Now, less than five months after signing a three-year deal to stay in L.A. last December, Hill is already back on the disabled list due to the recurrence of those nagging blisters on his left hand. He tossed only eight innings in two appearances this month amidst two separate trips to the 10-day DL.

The Dodgers have been thoroughly puzzled by the problem, according to Bill Plunkett of the Orange County Register, especially since Hill breezed through Spring Training without any blister issues. Manager Dave Roberts said “everything’s on the table” when it comes to solving the mystery, including a temporary role change for the southpaw:

“Rich, to his credit, is open to anything to help us. If it’s to potentially put him in the ‘pen to pitch for a couple innings to get him back out there … that might potentially keep that situation at bay. To his credit, he’s open to it. But number one I think we’re going to give him some time away and evaluate after that.”

Roberts made those comments a couple weeks ago, and with Hill’s potential return drawing closer, it seems the Dodgers have elected not to put him in the bullpen. The L.A. Times’ Mike DiGiovanna reports that the club has set up a rehab outing for Hill next week and will keep him in the rotation when he’s ready to come back.

A journeyman through most of his 13-year big league career, Hill has plenty of experience pitching as a reliever. But it makes sense that the Dodgers want to use their $48 million investment in his intended capacity.

What makes the relentless blisters so frustrating is that the 37-year-old Hill has been absolutely dominant when able to take the mound. A real renaissance story, Hill first began to turn heads with an impressive four-start cameo for the Red Sox at the end of 2015.

He turned that into a one-year deal with the A’s, who hoped to flip him for a solid haul at the deadline. They were successful, sending Hill and Josh Reddick to the Dodgers for a package headlined by minor league righty Jharel Cotton.

Since arriving in L.A., Hill has pitched to a sparkling 2.13 ERA, 0.92 WHIP and 4.60 K/BB ratio – albeit through only eight starts and 42.1 innings. He was able to make three outings in last year’s postseason, to somewhat mixed results.
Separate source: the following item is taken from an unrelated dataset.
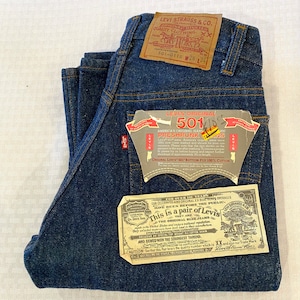 Vintage Levi’s 501, authentic, never worn or washed, flasher tags, dead stock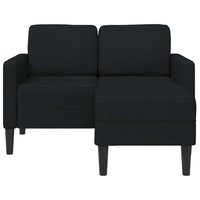 Divano 2 Posti con Chaise longue a L-Sofa 2 Posti con Chaise Nera 125 cm in Tessuto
Hill posted a 3.46 ERA in 13 innings overall, but didn’t pitch beyond the fifth frame in either of his first two starts.

The Dodgers took a major chance in signing Hill to a three-year contract. They bet not only that he would maintain his superior performance level, but also that he would stay healthy. So far, so good on the former. But the latter has been much more of a struggle.

As it stands, Hill should be able to take the mound in a Dodgers uniform again in early May. He might not be a guy who can provide 30 starts a season (a feat he achieved only once in his career in 2007), but the club will hope he can keep the blisters at bay well enough to give them an acceptable return on their investment.